Kiyi
- Conservation status: Vulnerable (IUCN 3.1)

Scientific classification
- Kingdom: Animalia
- Phylum: Chordata
- Class: Actinopterygii
- Order: Salmoniformes
- Family: Salmonidae
- Genus: Coregonus
- Species: C. kiyi
- Binomial name: Coregonus kiyi (Koelz, 1921)

= Kiyi =

- Authority: (Koelz, 1921)
- Conservation status: VU

Species of fish

The kiyi (Coregonus kiyi) is a species of freshwater whitefish, a deepwater cisco, endemic to the Great Lakes of North America. It previously inhabited Lake Superior, Lake Michigan, Lake Huron and Lake Ontario, but is now believed to persist only in Lake Superior where it is common. The various deepwater ciscos are also called chubs (not to be confused with the various species of Cyprinidae also called chubs). The kiyi is part of the large group of related northern ciscos known as the Coregonus artedi complex.

== Description ==
The kiyi is one of the smaller ciscos. Adult kiyi average approximately 250 mm in total length and 170 g in weight. Individuals can reach more than 280 mm. They are silvery pink or purple iridescence, darker on the back and white on the belly. They may have a dark tip on the lower jaw. They have a large head and a conspicuous, large eye.

==Subspecies==
Two subspecies of kiyi have been recognised based on morphological characteristics and distribution. The nominate subspecies Coregonus kiyi kiyi, or the Upper Great Lakes kiyi, was found in Lakes Superior, Huron and Michigan. The Lake Ontario kiyi, C. k. orientalis, was only found in Lake Ontario. However, recent examination of the ciscos as a group using genetic techniques has suggested that some recognized species are not genetically distinct from others, and it has been suggested that the deepwater ciscos in general may be forms of the northern cisco C. artedi adapted to life in different ecological niches. The distinction between the subspecies of kiyi has been rendered academic, however, by the extinction of the Lake Ontario form, which has not been seen since the 1960s and has been extinct since 2005. The subspecies was driven to extinction by commercial exploitation, predation and competition by introduced species.

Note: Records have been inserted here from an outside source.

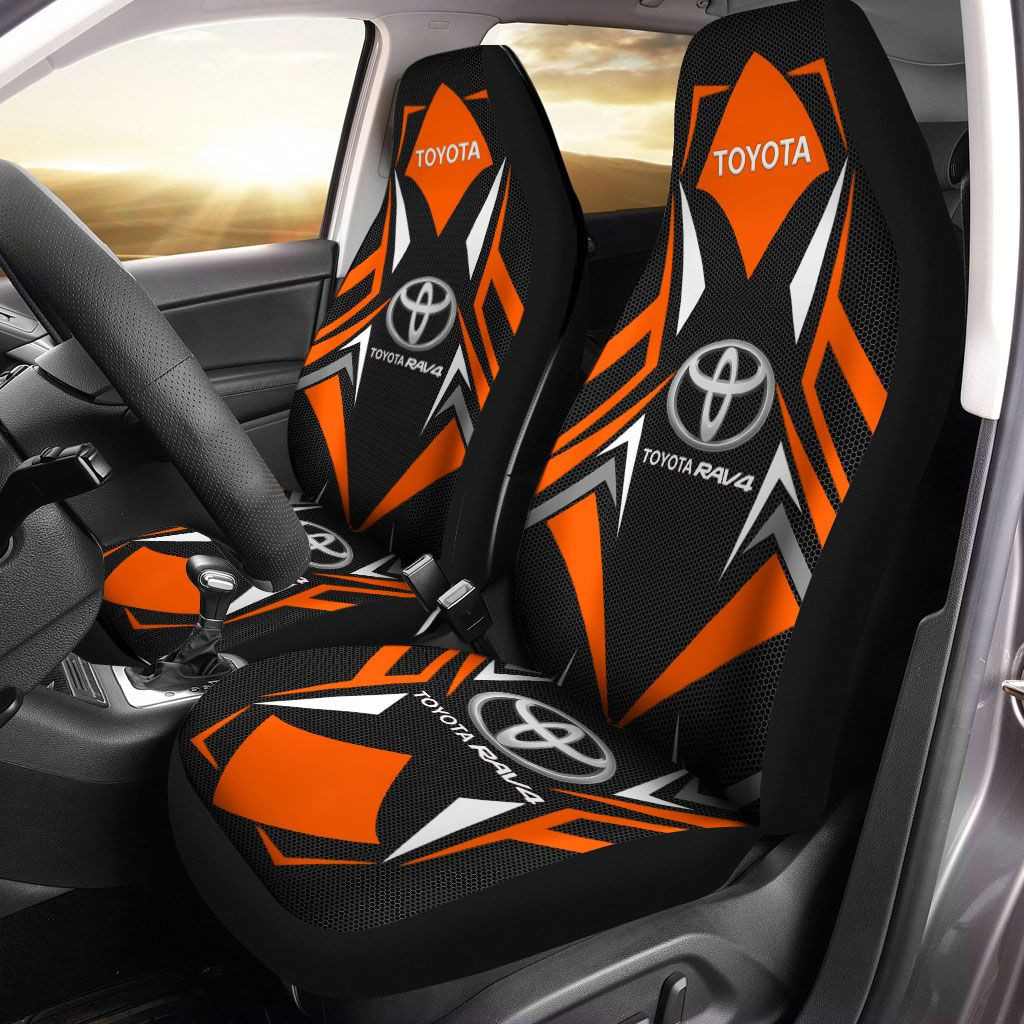 TOYOTA RAV4 CAR SEAT - Famjoys TOYOTA RAV4 CAR SEAT - Famjoys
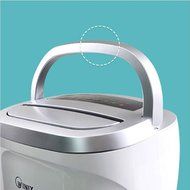 Winix Pposong DHC-157I PWR Dehumidifier Turbo White&amp;silver 6.5l Slim Design New N2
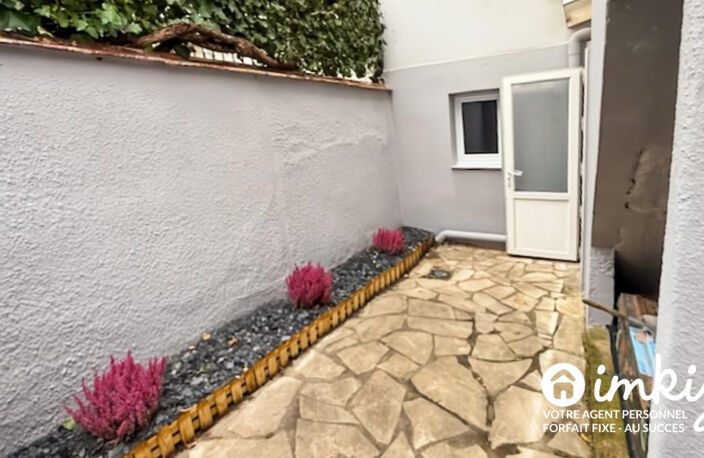 Maison 4 pièces Colombes — photo 3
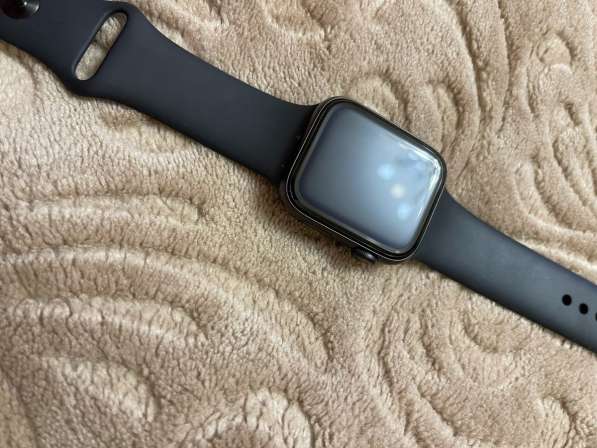 Apple Watch 6 44mm в Стерлитамаке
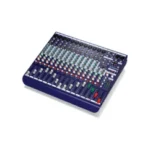 MEZCLADORA DM16 MIDAS ANALÓGICA 16 CANALES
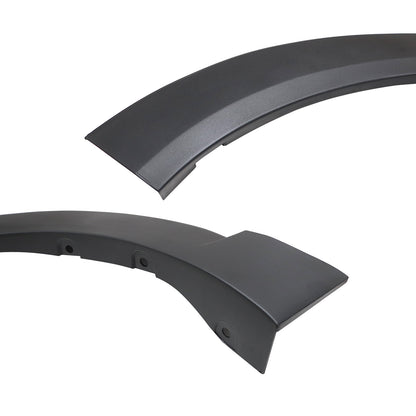 For 2020-2025 Mazda CX-30 Front Driver Fender Flare Wheel Opening Molding Arch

== Ecology and behavior ==
The kiyi is reportedly most abundant at depths greater than 80 m over its range, with Lake Superior kiyi said to be abundant at depths of 180 m.

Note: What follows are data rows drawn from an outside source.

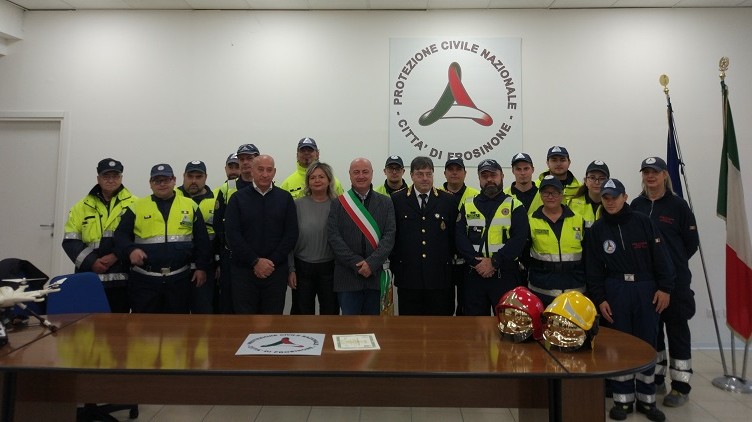 protezione civile fr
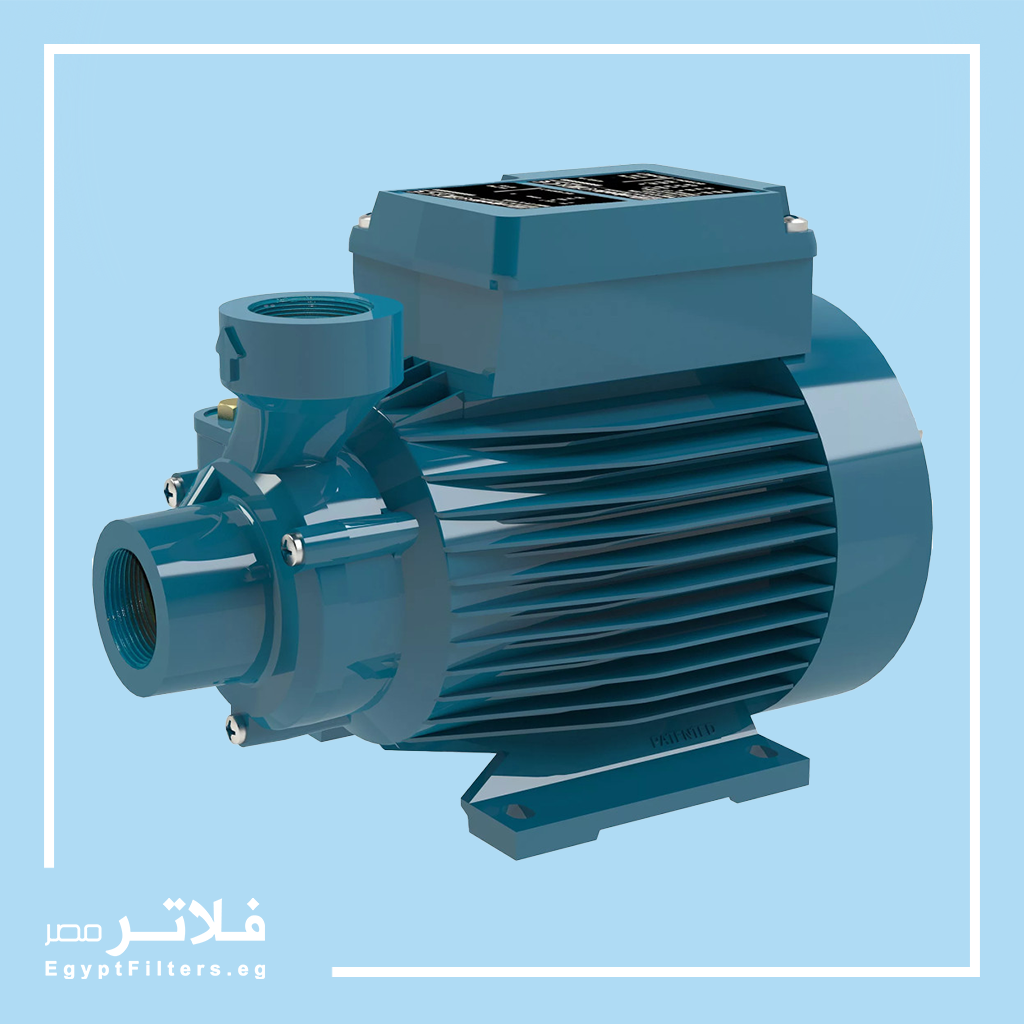 ماتور مياه كالبيدا نص حصان موديل CTM61 الاصلي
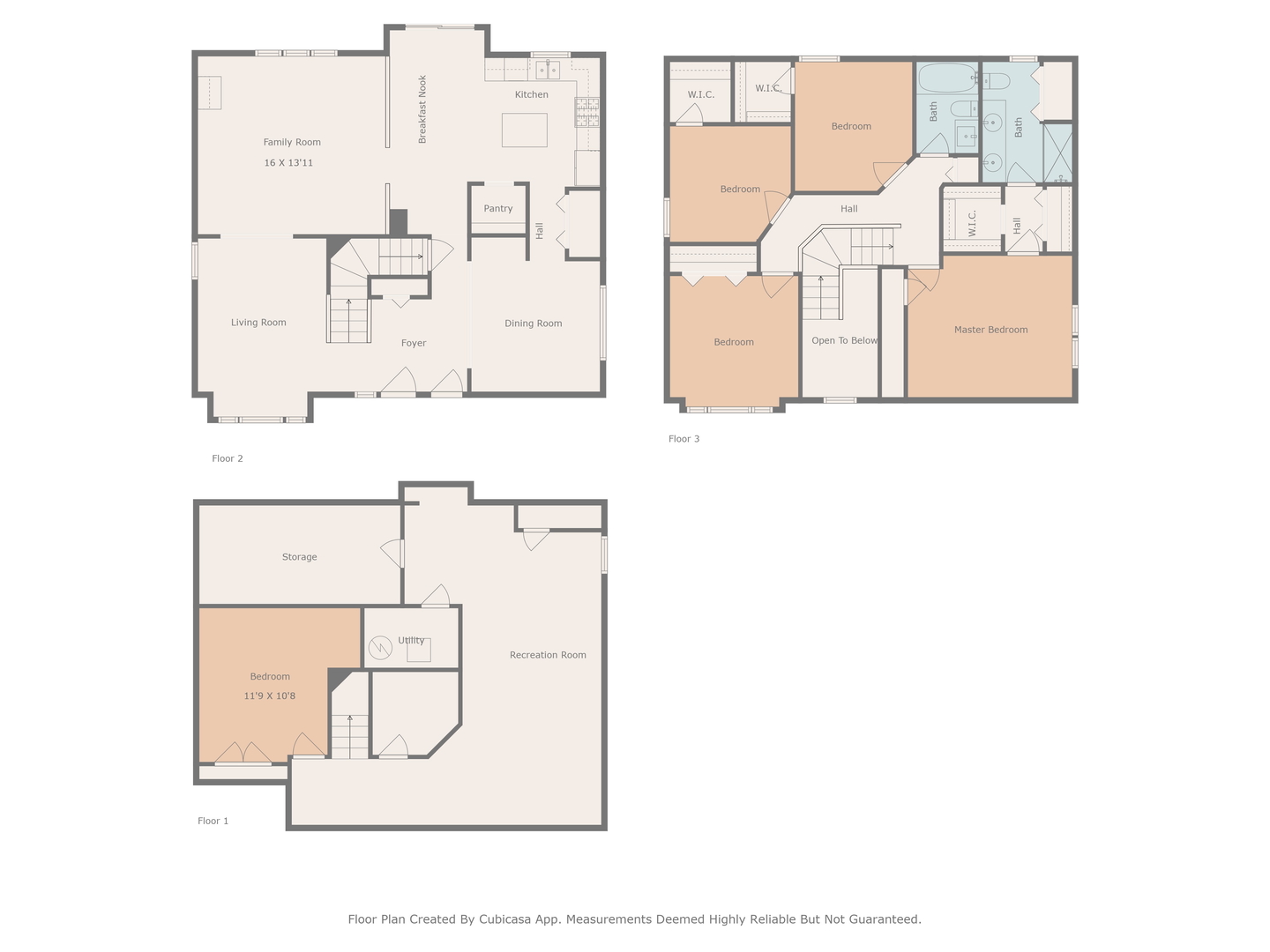 531 Hillcrest Drive, Bolingbrook, IL 60440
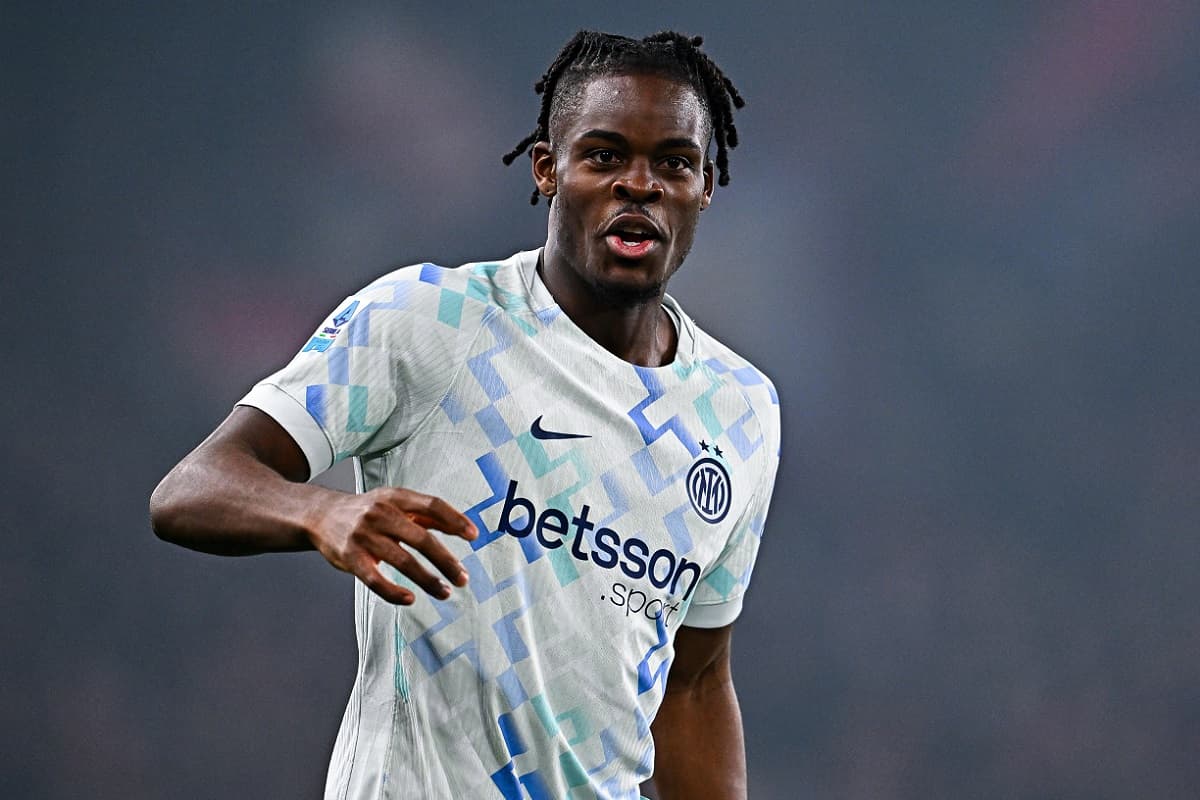 Calciomercato Inter, cessione Bisseck: le ultime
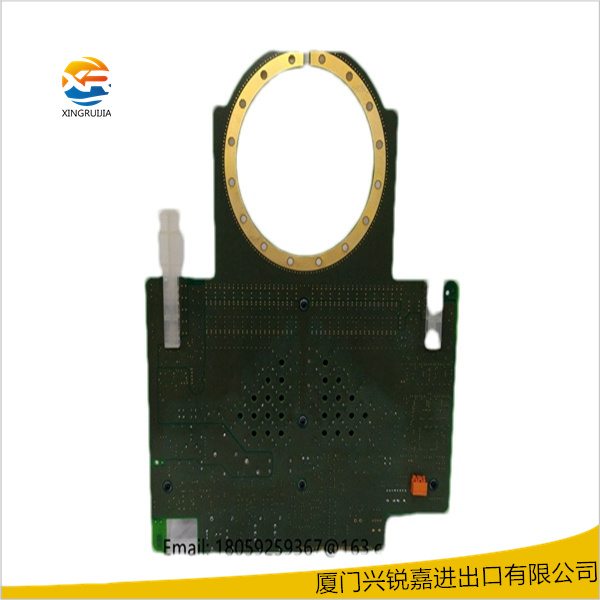 3BDH000741R1 变压器板 库存有货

Females are known to grow larger and live longer (10 years) than males (8 years). Age at maturity is believed to be 2 to 3 years. The minimum size at maturity is reported as 132 mm in Lake Superior. Spawning takes place in autumn or early winter, and has been reported in depths of 106–165 m. Ciscoes are known to exhibit large fluctuations in reproductive success and will produce several years of strong year classes followed by several years of poor reproductive success.

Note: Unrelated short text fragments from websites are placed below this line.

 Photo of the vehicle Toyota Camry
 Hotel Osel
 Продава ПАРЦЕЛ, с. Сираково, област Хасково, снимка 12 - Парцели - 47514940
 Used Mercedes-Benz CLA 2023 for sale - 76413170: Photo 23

Although not the preferred chub species owing to their relatively small size, kiyi were a substantial component of the Great Lakes chub fisheries at one time, particularly in Lake Ontario. They, along with other deepwater chubs, have been negatively affected by a combination of factors, including the invasion of the Great Lakes by several non-native species that prey on various life stages of the chubs or compete with them. Parasitic sea lamprey (Petromyzon marinus), alewife (Alosa pseudoharengus) and rainbow smelt (Osmerus mordax), in particular, have been implicated in their demise, and are believed to have stressed populations to the extent that previously sustainable levels of exploitation became unsustainable.